Mideast Meets Midwest: Oleana’s Black Walnut Baklava
The work of anthropologists has been described as “making the strange familiar and the familiar strange.” The same could be said of the best chefs—like Ana Sortun, the James Beard Award–winning chef and author of Spice: Flavors of the Eastern Mediterranean, the cookbook that is the source of the Black Walnut Baklava recipe on the next page.
At Oleana and Sofra, her restaurant and bakery/café (both in Cambridge, Massachusetts), Sortun makes the strange familiar and the familiar strange through a playful and seductive mix of local and “exotic” ingredients and traditions inspired by Eastern Mediterranean cuisine.
Black walnut baklava is a case in point, though, paradoxically, it is the baklava (a dessert of Middle Eastern origin) that is more familiar to many of us than our own native black walnuts—a nut you may never have tasted despite the trees being so prolific in Michiana that, come fall, you can’t go two blocks without finding their telltale green orbs.
I asked Sortun how black walnuts ended up in Oleana’s baklava, a dish typically made with pistachios in Turkey (where Sortun studied cooking after formal training in Paris). She explained that Oleana’s pastry team, led by award-winning pastry chef Maura Kilpatrick, were inspired to make the baklava with the indigenous nuts as an American “twist on something that is very Middle Eastern.”
And they liked the nuts’ unique umami taste—that musty, almost meaty complexity that English walnuts just don’t have. (The recipe includes both types of nuts because the intensity of black walnuts can be overpowering on their own.) Using local foods is essential to Sortun’s approach to cooking. Fresh ingredients are central to all styles of Mediterranean cooking, but Sortun had learned about the importance of local ingredients long before her first visit to Turkey.
When she was 19, Sortun went to culinary school in Paris. She recalls that if the curriculum included a dish with green beans and green beans were not in season, the chef would tear up the recipe. It was nothing, Sortun notes, like in the United States, where “we’re making green beans and if the beans come from Chile, they come from Chile.”

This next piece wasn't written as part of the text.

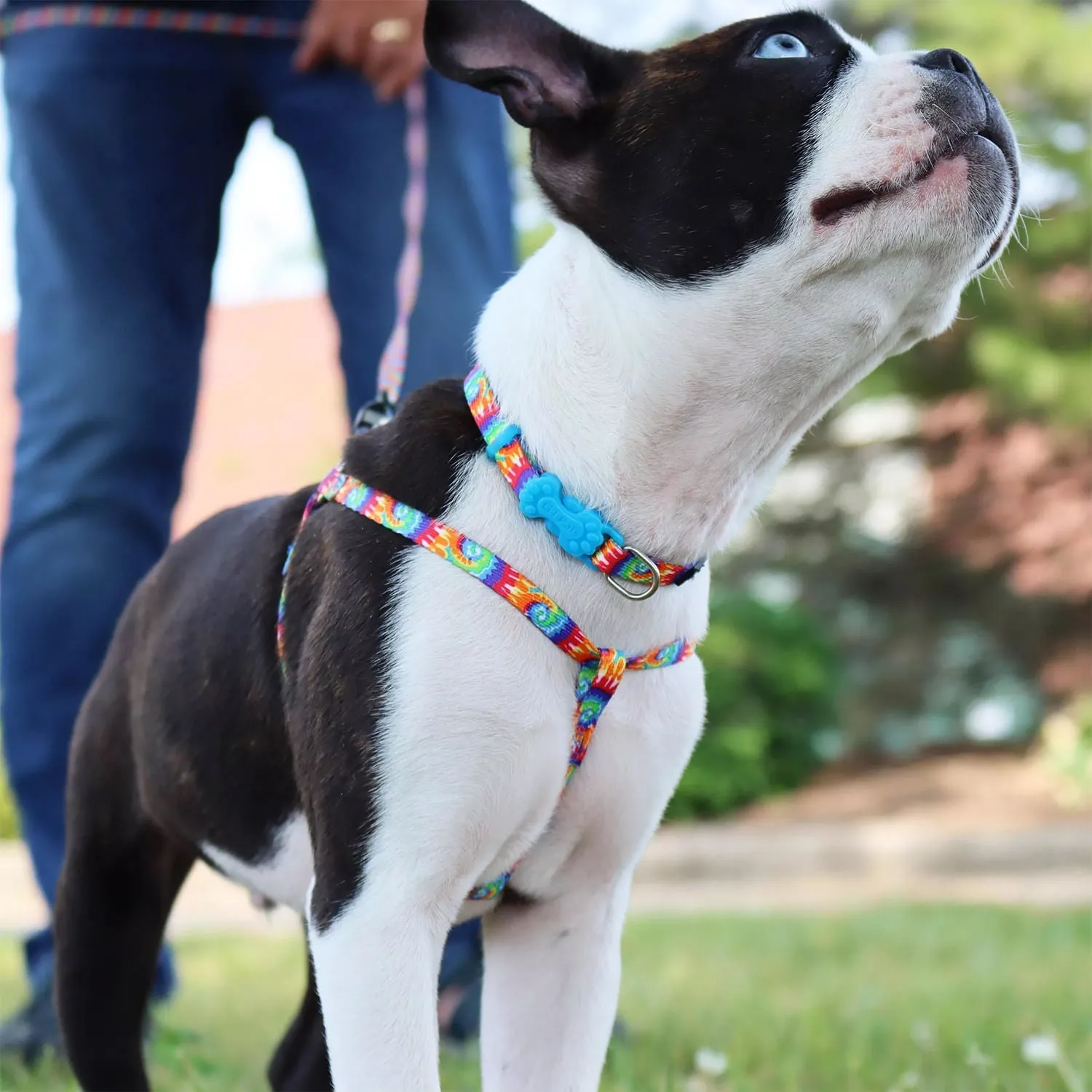 Li'l Pals Adjustable Patterned Dog Collar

Today, Sortun doesn’t just buy fresh vegetables and fruits, her family grows them: Sortun’s husband is a farmer, and the family runs an organic community-supported agriculture (CSA) harvest subscription program in addition to the restaurant and café.
The farm gives Sortun “a greater appreciation for what it takes” to cook with local food as well as the opportunity to write her menu around the farm’s produce. With the exception of lemons and other items that they can’t grow in the Boston area, much of the food at Oleana and Sofra comes from the family’s farm. (The family grows their own black walnuts, though not enough to keep the restaurant in baklava.)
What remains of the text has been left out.